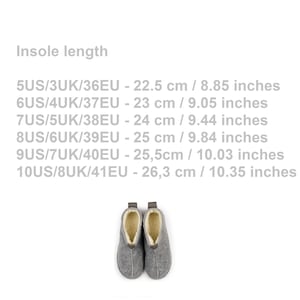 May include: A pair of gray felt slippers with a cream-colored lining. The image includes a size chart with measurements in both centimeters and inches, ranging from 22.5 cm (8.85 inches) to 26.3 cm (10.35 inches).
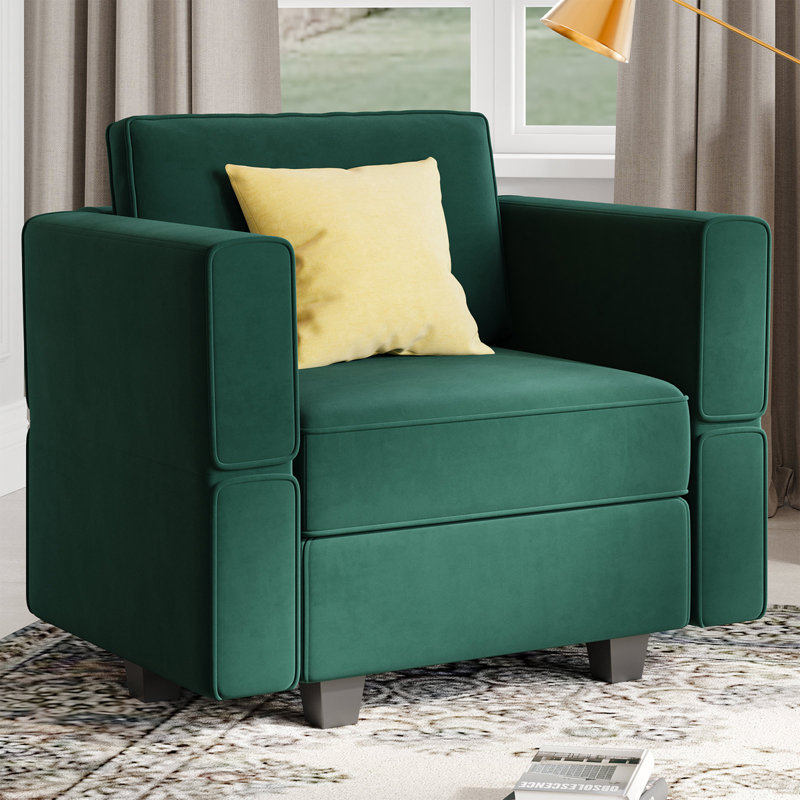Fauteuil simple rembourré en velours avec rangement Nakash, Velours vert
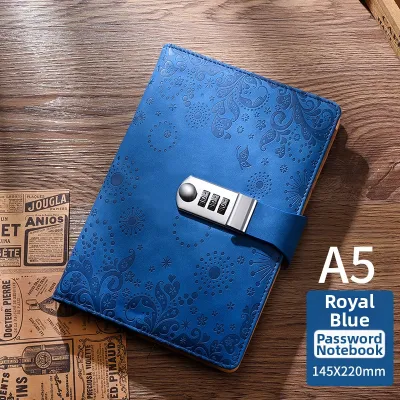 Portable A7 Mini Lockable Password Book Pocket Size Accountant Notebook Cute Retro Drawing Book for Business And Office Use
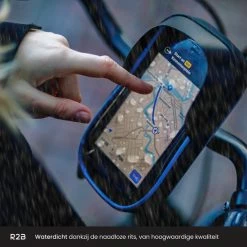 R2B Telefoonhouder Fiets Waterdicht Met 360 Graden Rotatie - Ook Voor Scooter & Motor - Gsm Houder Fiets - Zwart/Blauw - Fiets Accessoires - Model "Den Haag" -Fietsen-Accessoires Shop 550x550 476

==

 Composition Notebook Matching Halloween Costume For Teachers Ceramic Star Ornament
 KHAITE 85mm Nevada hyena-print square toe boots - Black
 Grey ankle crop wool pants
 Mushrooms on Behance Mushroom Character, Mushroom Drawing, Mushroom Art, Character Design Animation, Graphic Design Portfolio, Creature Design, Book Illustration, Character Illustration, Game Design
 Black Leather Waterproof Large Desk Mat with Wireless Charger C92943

---

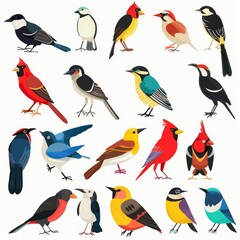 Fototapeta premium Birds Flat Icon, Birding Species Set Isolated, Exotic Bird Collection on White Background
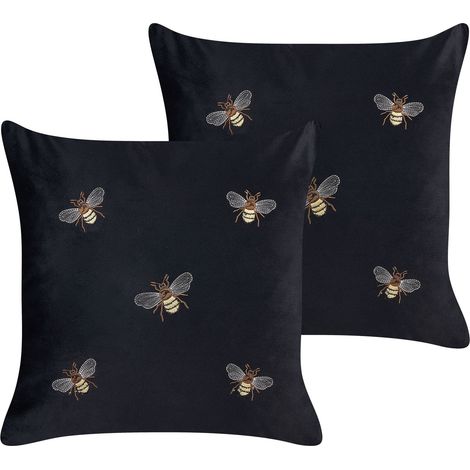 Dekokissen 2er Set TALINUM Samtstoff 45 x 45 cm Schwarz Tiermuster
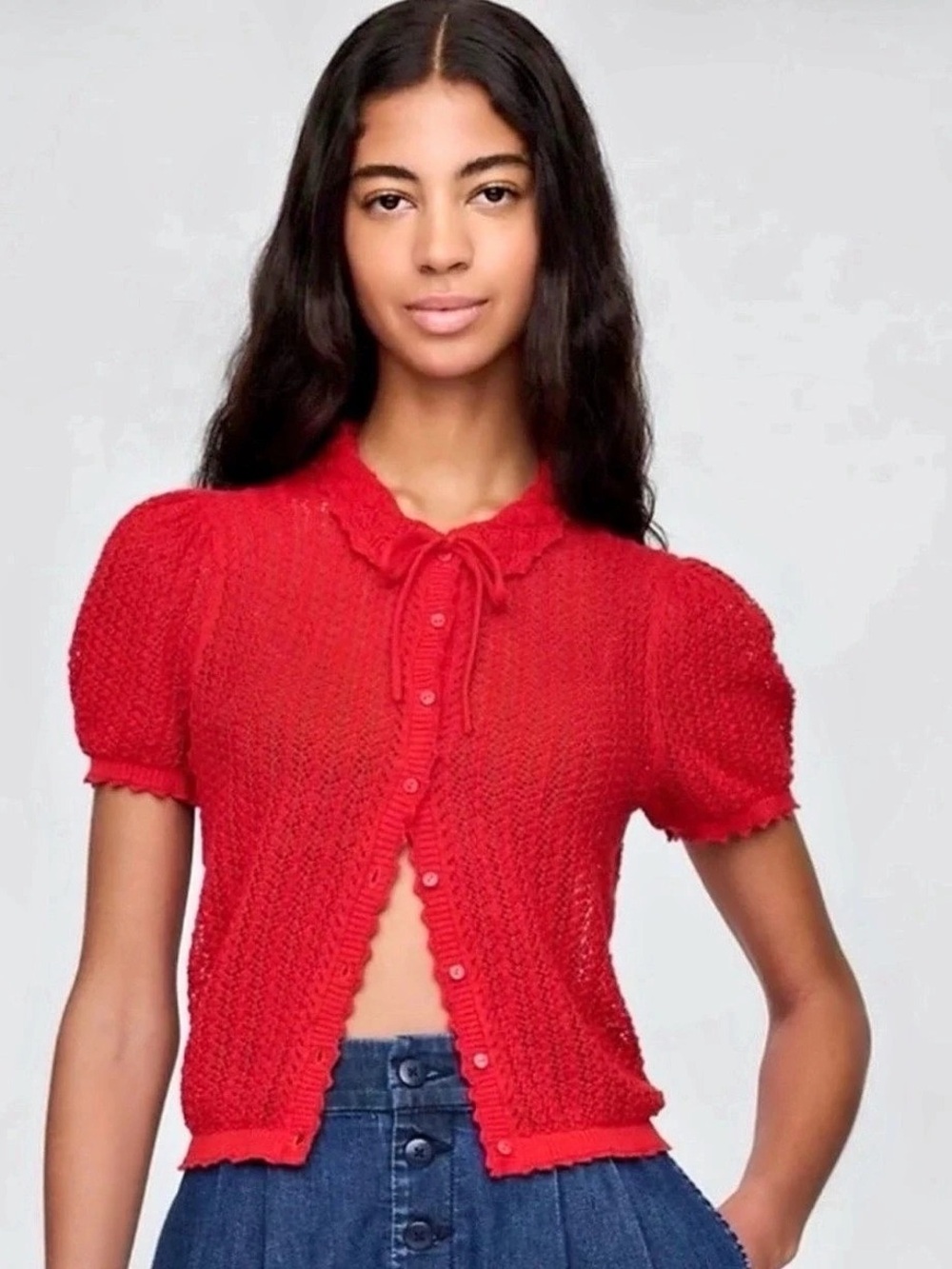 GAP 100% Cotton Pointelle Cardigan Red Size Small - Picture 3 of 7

• [Task directions]
What are the lines above from the one with "Fototapeta premium Birds" to the one with "GAP 100% Cotton", both included? Reproduce them exactly, without pictures.

• [Answer for this exercise]
 Fototapeta premium Birds Flat Icon, Birding Species Set Isolated, Exotic Bird Collection on White Background
 Dekokissen 2er Set TALINUM Samtstoff 45 x 45 cm Schwarz Tiermuster
 GAP 100% Cotton Pointelle Cardigan Red Size Small - Picture 3 of 7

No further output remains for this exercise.